I'm trying to obtain information about the following system of ODEs, where $c_1, c_2$ are constants and $h_1, h_2: I \subset \mathbb{R} \to \mathbb{R}$ are smooth positive functions defined on an open interval:
$$ \begin{cases} c_1h_2\left(1-(h_1)^2 \right) - h_1 (h_1)'' h_2 - (r_1 - 1) (h_1')^2 h_2 - r_2 h_1 h_1' h_2' = 0 \\ c_2h_1\left(1-(h_2)^2 \right) - h_2 (h_2)'' h_1 - (r_2 - 1) (h_2')^2 h_1 - r_1 h_2 h_2' h_1' = 0 \end{cases} $$
It is clear (dividing by $h_2$ or $h_1$ on the first or second, equation, respectively) that once one has initial value conditions and one determines $h_1$ (resp. $h_2$), then $h_2$ is determined as well. But I would like to know whether there is any kind of uniqueness of solutions in this situation: i.e., if $\psi_1, \psi_2$ also satisfy this system, is it true that $h_1 = \psi_1$ and $h_2 = \psi_2$? If not, are there any conditions we can impose on the system so that the solutions are unique?

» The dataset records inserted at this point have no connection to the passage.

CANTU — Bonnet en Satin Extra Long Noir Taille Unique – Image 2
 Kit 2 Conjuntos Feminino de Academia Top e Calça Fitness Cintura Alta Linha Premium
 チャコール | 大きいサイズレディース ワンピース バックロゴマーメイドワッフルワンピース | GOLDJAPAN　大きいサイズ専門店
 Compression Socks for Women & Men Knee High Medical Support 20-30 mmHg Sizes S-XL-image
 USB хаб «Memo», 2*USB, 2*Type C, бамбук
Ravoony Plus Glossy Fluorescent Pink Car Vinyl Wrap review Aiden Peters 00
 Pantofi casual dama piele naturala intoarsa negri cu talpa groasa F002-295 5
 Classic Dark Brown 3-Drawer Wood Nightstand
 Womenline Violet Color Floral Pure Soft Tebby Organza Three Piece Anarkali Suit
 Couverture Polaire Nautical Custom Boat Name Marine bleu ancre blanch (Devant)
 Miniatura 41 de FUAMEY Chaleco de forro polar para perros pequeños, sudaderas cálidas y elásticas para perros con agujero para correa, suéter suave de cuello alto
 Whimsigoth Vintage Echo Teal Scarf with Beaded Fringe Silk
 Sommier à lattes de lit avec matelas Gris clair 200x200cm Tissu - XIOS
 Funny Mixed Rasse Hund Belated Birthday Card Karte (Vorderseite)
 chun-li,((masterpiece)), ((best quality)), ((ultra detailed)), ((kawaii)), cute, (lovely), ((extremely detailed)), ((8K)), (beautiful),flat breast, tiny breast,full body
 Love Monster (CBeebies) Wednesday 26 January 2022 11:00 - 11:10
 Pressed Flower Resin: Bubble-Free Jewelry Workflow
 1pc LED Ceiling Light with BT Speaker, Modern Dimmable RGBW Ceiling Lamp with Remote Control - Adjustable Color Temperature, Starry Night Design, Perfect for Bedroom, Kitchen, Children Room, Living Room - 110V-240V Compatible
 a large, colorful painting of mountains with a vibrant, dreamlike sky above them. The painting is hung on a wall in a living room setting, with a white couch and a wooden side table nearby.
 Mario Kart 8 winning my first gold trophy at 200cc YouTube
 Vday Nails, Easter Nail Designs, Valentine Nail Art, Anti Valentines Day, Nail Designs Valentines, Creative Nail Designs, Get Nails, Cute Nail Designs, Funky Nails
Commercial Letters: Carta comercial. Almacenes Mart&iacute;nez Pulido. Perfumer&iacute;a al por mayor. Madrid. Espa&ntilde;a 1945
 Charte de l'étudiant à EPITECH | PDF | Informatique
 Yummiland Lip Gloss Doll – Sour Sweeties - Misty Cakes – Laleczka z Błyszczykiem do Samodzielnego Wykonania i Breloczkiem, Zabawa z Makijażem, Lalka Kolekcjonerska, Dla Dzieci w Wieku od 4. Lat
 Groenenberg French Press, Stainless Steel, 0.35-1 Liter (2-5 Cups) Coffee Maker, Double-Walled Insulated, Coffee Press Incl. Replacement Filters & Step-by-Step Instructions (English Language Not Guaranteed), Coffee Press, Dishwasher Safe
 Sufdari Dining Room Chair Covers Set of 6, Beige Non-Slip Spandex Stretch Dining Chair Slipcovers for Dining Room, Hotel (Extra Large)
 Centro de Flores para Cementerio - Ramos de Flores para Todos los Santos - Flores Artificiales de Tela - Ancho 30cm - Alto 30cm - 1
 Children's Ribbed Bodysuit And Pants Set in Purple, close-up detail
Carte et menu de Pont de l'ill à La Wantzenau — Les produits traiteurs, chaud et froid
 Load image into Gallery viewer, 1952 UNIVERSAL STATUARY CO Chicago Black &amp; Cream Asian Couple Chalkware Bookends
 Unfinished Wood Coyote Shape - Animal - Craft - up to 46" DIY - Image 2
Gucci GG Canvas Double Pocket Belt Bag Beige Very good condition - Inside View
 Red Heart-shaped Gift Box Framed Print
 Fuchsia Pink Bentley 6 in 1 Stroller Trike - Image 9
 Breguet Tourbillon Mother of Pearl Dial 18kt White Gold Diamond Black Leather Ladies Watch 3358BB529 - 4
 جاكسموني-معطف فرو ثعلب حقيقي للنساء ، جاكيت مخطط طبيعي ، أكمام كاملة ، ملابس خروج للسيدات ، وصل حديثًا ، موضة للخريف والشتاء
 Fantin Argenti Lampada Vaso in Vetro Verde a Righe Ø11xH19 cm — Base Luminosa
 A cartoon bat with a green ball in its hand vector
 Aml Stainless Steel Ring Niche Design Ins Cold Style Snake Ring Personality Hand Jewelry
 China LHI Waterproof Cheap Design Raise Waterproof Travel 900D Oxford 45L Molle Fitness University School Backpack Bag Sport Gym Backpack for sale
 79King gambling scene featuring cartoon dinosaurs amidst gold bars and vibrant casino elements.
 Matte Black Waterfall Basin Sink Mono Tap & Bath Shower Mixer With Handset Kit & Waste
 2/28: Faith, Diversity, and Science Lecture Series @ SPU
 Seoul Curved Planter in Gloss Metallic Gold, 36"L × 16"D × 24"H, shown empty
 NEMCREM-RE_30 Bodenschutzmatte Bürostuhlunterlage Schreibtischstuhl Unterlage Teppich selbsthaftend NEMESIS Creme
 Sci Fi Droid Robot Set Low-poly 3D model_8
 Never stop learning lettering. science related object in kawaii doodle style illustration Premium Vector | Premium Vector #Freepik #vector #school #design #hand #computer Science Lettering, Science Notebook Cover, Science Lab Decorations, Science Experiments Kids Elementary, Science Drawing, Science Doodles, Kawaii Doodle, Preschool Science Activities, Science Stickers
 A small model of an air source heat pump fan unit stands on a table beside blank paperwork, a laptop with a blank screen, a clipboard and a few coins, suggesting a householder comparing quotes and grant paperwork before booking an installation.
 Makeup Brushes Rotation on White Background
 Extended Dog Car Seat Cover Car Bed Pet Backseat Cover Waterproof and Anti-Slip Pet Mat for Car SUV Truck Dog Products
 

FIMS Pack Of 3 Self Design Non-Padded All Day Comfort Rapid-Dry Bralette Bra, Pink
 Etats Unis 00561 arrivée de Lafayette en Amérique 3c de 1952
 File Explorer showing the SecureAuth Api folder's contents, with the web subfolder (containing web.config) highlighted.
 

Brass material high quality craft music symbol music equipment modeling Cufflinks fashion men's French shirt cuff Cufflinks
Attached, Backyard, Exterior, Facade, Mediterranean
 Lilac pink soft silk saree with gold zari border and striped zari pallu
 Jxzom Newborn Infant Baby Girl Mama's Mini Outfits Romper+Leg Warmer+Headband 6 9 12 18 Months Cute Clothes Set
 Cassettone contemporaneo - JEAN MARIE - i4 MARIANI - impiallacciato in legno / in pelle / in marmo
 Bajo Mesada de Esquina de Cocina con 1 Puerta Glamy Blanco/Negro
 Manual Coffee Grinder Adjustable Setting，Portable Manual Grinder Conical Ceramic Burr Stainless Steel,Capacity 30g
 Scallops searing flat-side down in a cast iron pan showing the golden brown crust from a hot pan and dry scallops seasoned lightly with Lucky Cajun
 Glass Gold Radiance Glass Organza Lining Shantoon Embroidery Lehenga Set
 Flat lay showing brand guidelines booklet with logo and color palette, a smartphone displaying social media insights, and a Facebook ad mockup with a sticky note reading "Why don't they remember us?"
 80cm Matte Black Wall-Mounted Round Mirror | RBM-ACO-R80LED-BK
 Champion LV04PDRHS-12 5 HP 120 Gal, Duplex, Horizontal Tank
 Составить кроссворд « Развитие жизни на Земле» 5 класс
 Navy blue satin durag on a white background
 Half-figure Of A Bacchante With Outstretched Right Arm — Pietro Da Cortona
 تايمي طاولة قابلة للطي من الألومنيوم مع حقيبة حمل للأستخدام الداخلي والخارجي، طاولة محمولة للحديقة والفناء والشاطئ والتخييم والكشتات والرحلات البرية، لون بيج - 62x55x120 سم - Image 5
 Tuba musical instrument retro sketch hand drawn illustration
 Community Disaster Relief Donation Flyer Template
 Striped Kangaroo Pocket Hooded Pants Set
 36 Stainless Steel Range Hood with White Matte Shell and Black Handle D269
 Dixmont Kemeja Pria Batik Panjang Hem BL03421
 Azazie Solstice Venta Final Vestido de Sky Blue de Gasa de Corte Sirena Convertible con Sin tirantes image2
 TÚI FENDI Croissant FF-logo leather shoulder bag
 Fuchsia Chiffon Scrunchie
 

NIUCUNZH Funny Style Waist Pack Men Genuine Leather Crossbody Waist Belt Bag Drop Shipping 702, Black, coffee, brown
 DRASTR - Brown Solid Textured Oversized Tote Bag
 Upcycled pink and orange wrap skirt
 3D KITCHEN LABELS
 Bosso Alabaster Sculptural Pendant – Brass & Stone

I'd really appreciate any help. Thanks in advance!
Write the equations as $h_1'' = \ldots$ and $h_2'' = \ldots$, and the standard Existence and Uniqueness theorem for systems of differential equations applies. The only wrinkle is that to do this we must divide by $h_1 h_2$, so that things may go bad if $h_1$ or $h_2$ hits $0$. But on any interval where $h_1$ and $h_2$ are strictly positive, solutions are uniquely determined by initial conditions of the form $h_1(t_0) = a$, $h_2(t_0) = b$, $h_1'(t_0) = c$, $h_2'(t_0)=d$.